Some clarifications on those points.
- If your final version won't need an SQL database, then
a dbm database is fine for the concept stage.
- What separates the need for a relational database from
a dbm is your data model. If you are starting to get into
relationships and correlations between data (eg taking
sales figures and getting reports of sales by customer,
by product etc) then you clearly wanted a relational
database. If you want a simple lookup, then a dbm is
just fine.
- Berkeley DB is indeed an industrial strength database.
It is particularly well suited to situations which need
very high performance for simple tasks. (It is also great
for embedded use, but I digress.) The bottlenecks that
you will hit first have to do with the CGI model.
- Yes. GDBM may as well have BTrees. The wins of BTrees
here are that they keep data in order (hashes do not) and
get better locality of reference (a very organized access
pattern). If your data fits in memory then hashes are
generally faster. If not, then BTrees are not.
- Yes. In high performance read-write situations,
locking is important and how it is done is going to be
your bottleneck. Most web applications are write seldom,
read many times.
- Yes. Backup.
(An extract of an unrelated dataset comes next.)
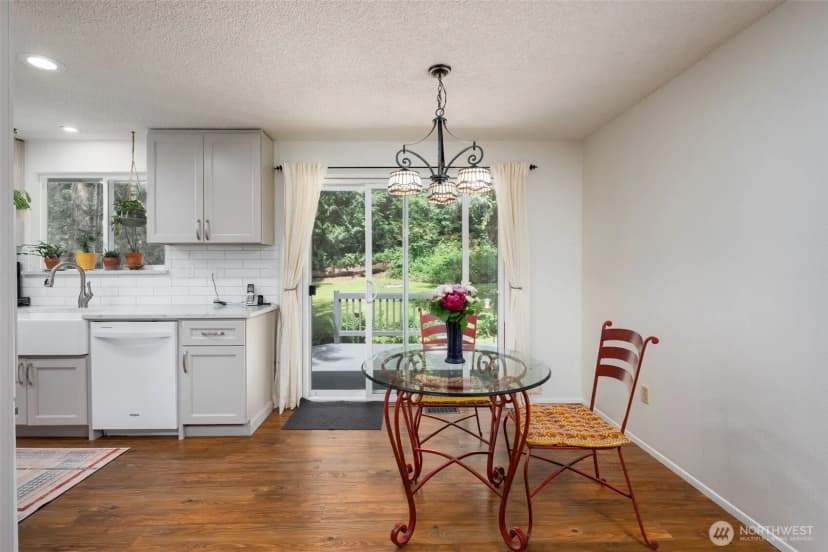 Property photo for 28102 Se 63rd Street, Issaquah photo 8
And don't expect that binary data
formats will be portable from machine to machine.
- If you want a website to scale, definitely. It is
much easier to balance a load across 5 webservers than
keep 5 databases in sync. However if you are anticipating
this need, using a dbm solution will likely involve some
custom work. Relational databases all have the data
access segregated into its own process so the database can
be moved to another machine. dbms traditionally do not.
- I think you are dramatically overestimating the needed
resources.